__Task to complete__
Your reply should reproduce each entry exactly and contain no pictures.

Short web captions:
------------

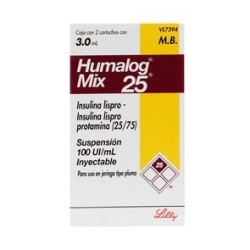 Humalog Mix 100Ui/Ml 2 Amp X 3Ml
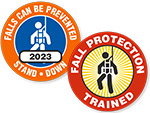 Fall Protection Hard Hat stickers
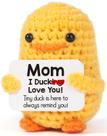 Boneca de pelúcia MBL I Duck Love You Mom, presente engraçado de crochê, 8 cm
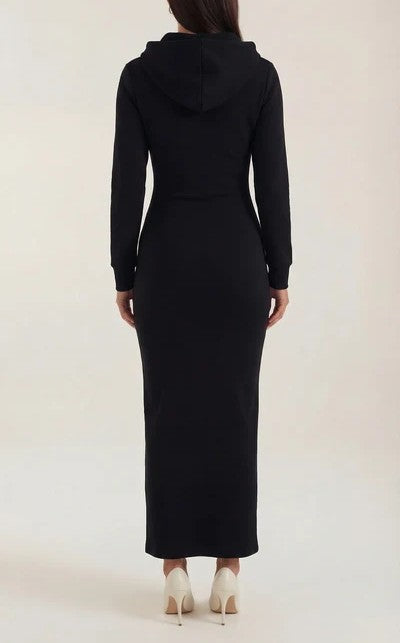Marilyn Hooded Bodycon Maxi Dress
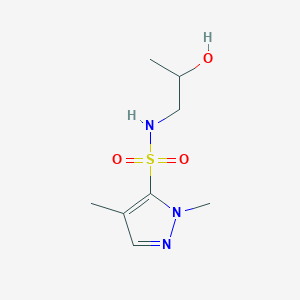 molecular formula C8H15N3O3S B7225328 N-(2-hydroxypropyl)-2,4-dimethylpyrazole-3-sulfonamide 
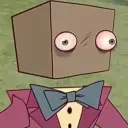 Portrait of a friendly AI chatbot assistant Darly boxman with expressive eyes showcasing personality traits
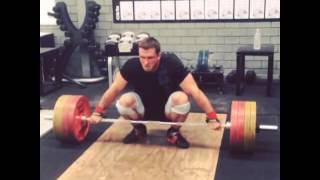 Dmitry Klokov 180kg snatch as part of a Crossfit complex [upl. by Celestine]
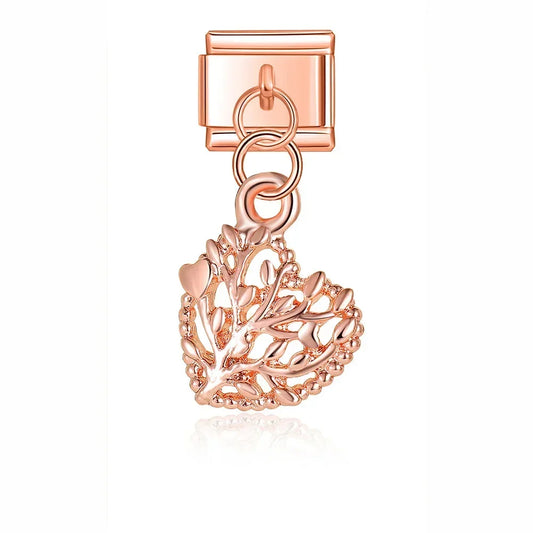 Charm Rose et Enveloppe - DJ375 D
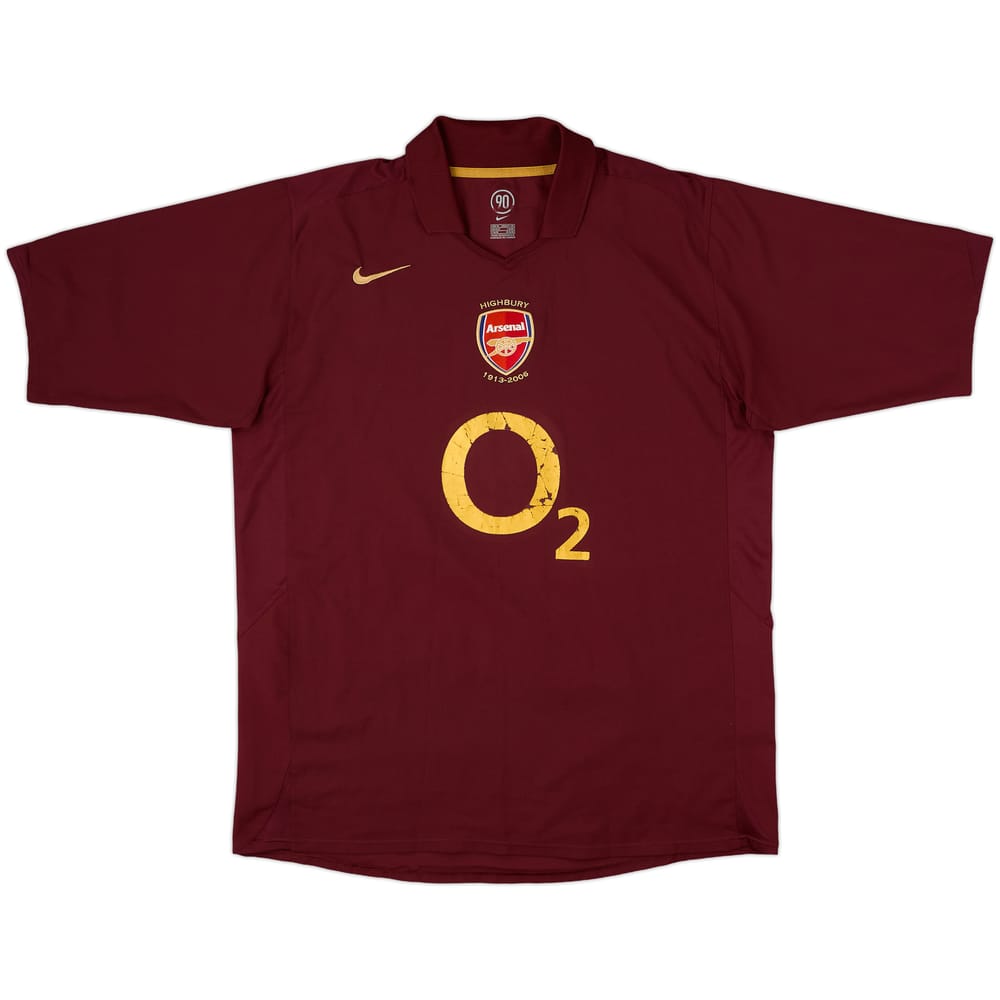 2005-06 Arsenal Home Shirt - 5/10 - (XL)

------------

__Reply to the task__
 Humalog Mix 100Ui/Ml 2 Amp X 3Ml
 Fall Protection Hard Hat stickers
 Boneca de pelúcia MBL I Duck Love You Mom, presente engraçado de crochê, 8 cm
Marilyn Hooded Bodycon Maxi Dress
 molecular formula C8H15N3O3S B7225328 N-(2-hydroxypropyl)-2,4-dimethylpyrazole-3-sulfonamide 
 Portrait of a friendly AI chatbot assistant Darly boxman with expressive eyes showcasing personality traits
 Dmitry Klokov 180kg snatch as part of a Crossfit complex [upl. by Celestine]
 Charm Rose et Enveloppe - DJ375 D
 2005-06 Arsenal Home Shirt - 5/10 - (XL)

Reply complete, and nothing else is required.